_INPUT_
*-*-*
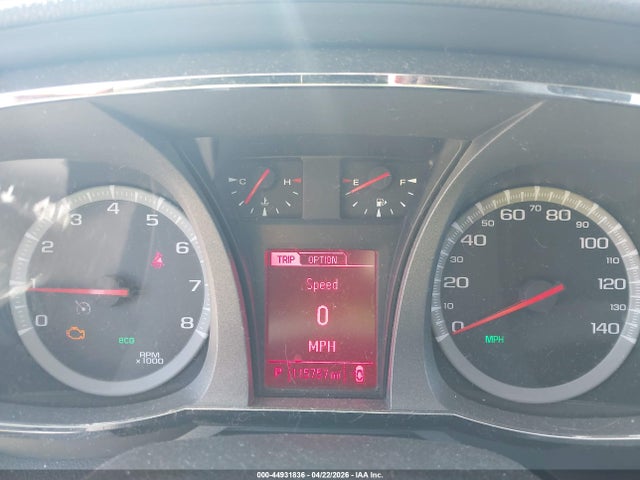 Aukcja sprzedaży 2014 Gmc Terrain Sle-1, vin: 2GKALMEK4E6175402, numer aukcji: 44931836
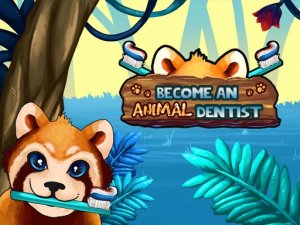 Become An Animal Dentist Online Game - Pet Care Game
*-*-*
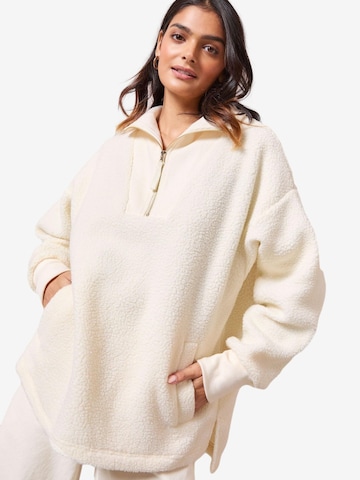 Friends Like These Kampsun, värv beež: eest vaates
*-*-*
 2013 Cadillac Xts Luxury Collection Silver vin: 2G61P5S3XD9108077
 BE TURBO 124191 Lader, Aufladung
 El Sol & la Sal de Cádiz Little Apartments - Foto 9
*-*-*
_TASK REQUIREMENTS_
Look above for the line holding "Aukcja sprzedaży 2014" and output everything from it down to the line holding "Become An Animal", both ends included, exactly and without images.

_RESULT_
 Aukcja sprzedaży 2014 Gmc Terrain Sle-1, vin: 2GKALMEK4E6175402, numer aukcji: 44931836
 Become An Animal Dentist Online Game - Pet Care Game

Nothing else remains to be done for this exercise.